E' da qui che probabilmente occorre partire, non dall'esotismo dei
visi velati, delle lunghe galabeiah,keffyah ,versi del Corano e
quella lingua impossibile che è l'arabo.
Il punto di partenza è una società che offre ai giovani una
indigestione di vuotezze, adulti che dovrebbero essere punti di
riferimento che eccellono in ladrocini, corruzione,fuga dalle
responsabilità, principi pochi ,confusi e comunque poco allettanti,
offerta di posti di lavoro inesistenti, precari ,sottopagati ,che
loro alla medesima età avrebbero fatto la rivoluzione pur di
rifiutarli.
Vediamo di capirci quello di vivere in una società che di fatto
rifiuta e penalizza i giovani non può essere uno dei problemi,
questo deve essere percepito come il problema dei problemi o questa
società andrà allo sfascio e alla guerra civile fra generazioni.
Evidentemente però non c'è affatto ancora una presa di coscienza
della portata di questo fenomeno epocale e la prova ne è che gli
adulti continuano a votare per una classe politica inetta, senza
provare a cambiare nulla.
E' la drammaticità di questo problema che genera in alcuni soluzioni
altrettanto drammatiche per alcuni giovani e per noi.
La poveretta di cui parliamo ha chiaramente elaborato una soluzione
peggiore del male da curare, ma, sinceramente siamo sicuri che sia
moralmente da valutare di più la massa dei giovani che accettano di
essere estromessi da questa società senza reagire, come fanno del
resto i loro genitori, o questa neo jihadista che ha fatto una scelta
folle, ma che almeno ci ha provato a reagire?
Tentiamo di fare un passo ulteriore.
Perchè quella scelta estrema?
Ancora una volta scrolliamoci di dosso quella massa di esotismi vari
che vengono ricercati quando si verificano questi fatti, forse per
una inconscia volontà di allontanarli da noi, come se non ci
appartenessero in nulla e rimaniamo qui nella zona delle "casalinghe
di Voghera", cioè casa nostra e storia nostra.
Qualcuno di noi si è proprio del tutto dimenticato della
nostra storia patria del novecento, di un certo Gabriele Dannunzio ?
Dell'etica retorica della "buona morte", del "meglio
un giorno da leoni che una vita da coniglio", non ci ricordiamo
più che i reparti scelti ,gli Arditi e le SS portavano fra le loro
insegne il simbolo della morte ,il teschio fra due tibie incrociate?

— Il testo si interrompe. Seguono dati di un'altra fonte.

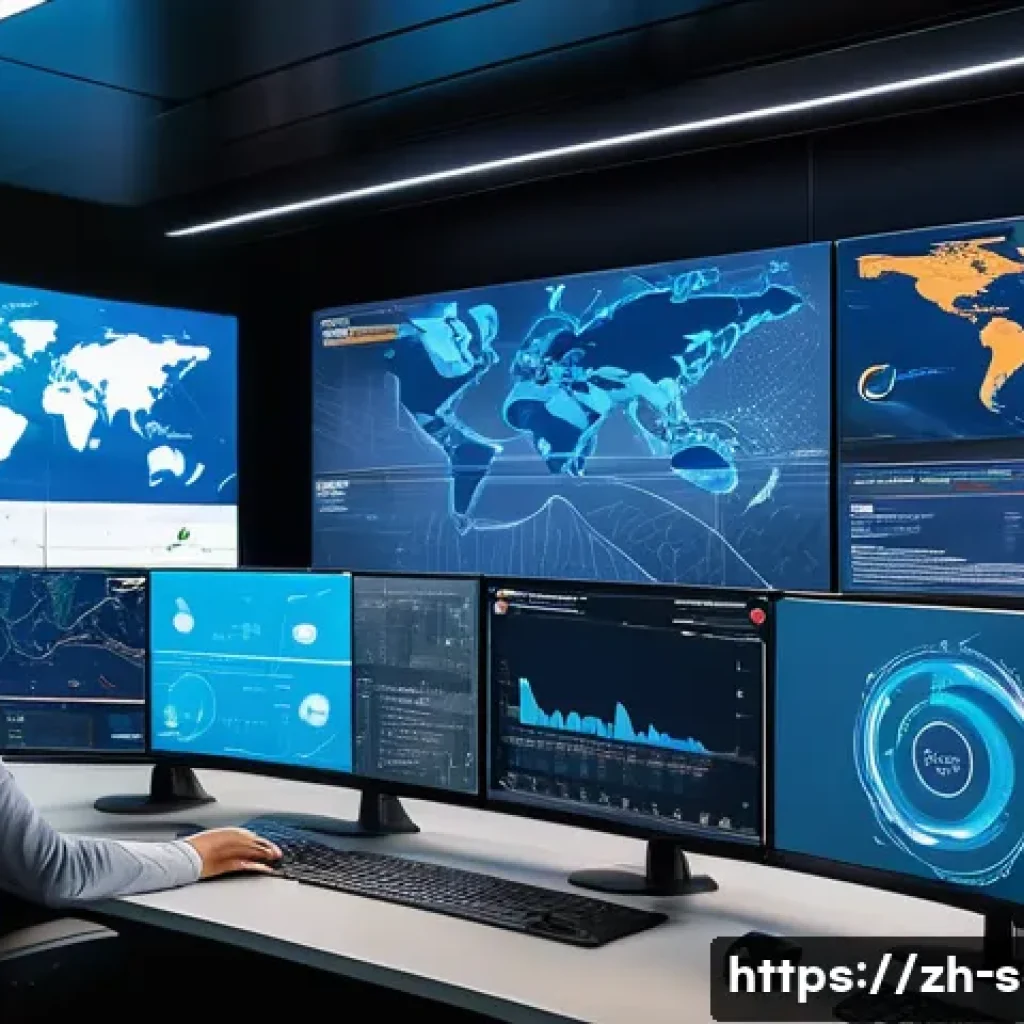 공급망관리 실무에서의 글로벌 문제 해결 - A highly detailed futuristic global supply chain control room with large digital screens displaying ...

E che c'è di diverso con la jihad, così come viene percepita dai
giovani che la scelgono come soluzione di elezione, non certo a cuor
leggero, perchè nessuno è tanto stupido di scegliere la morte a
cuor leggero, perchè la scelta della jihad nella sostanza e da un
punto di vista soggettivo è esattamente questo, la scelta della
morte presunta gloriosa per sè.
La morte di altri che siano infedeli, che sia chiunque è un
corollario, ma chi sceglie la jihad, sa di scegliere il proprio
suicidio e da un punto di vista soggettivo questa è per lui la
priorità assoluta che orienta il suo giudizio.

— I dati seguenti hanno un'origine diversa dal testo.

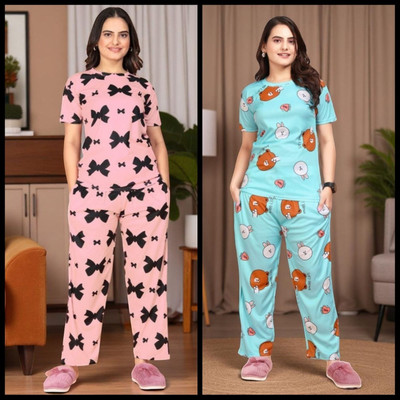 FASHION GREAB Women Printed Pink Top & Pyjama Set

Un neuropsichiatra americano di fama Peter Langman ha scritto
qualche anno fa "why Kids Kill?" per cercare di
spiegarsi il fenomeno delle sparatorie nei college americani, che
finiscono regolarmente anche con la morte del "perpetrator".
Il meccanismo psicologico è assolutamente lo stesso di quello che
spinge alcuni giovani alla jihad è la ricerca della morte per sè,
questa è la priorità anche se si porta dietro purtroppo la morte
anche di molti innocenti che nulla c'entrano con i problemi
esistenziali del disgraziato che spara ma che poi si spara o viene
sparato dalla polizia.
E quindi ritorniamo a quello che sembra la domanda essenziale : come
mai alcuni giovani elaborano in modo tanto drammatico il loro
disagio, la loro rabbia da puntare alla "bella morte" se
pure in versione islamica?
Se uno ha in sè la capacità di reagire a una società ostile
ma liquida, come una palude, vuol dire che ha avuto la determinazione
di uscire da quella palude, di salire di uno scalino,
e non è facile, perchè chi non canta nel coro si guadagna
seduta stante la riprovazione del "branco" di coetanei e
adulti.
Se uno si impone questo sforzo è perchè ha dentro di sè delle
spinte che gli altri non hanno o non hanno la determinazione di
seguire, come mai però non sa trovare degli sbocchi più
degni, più produttivi per sè e per gli altri?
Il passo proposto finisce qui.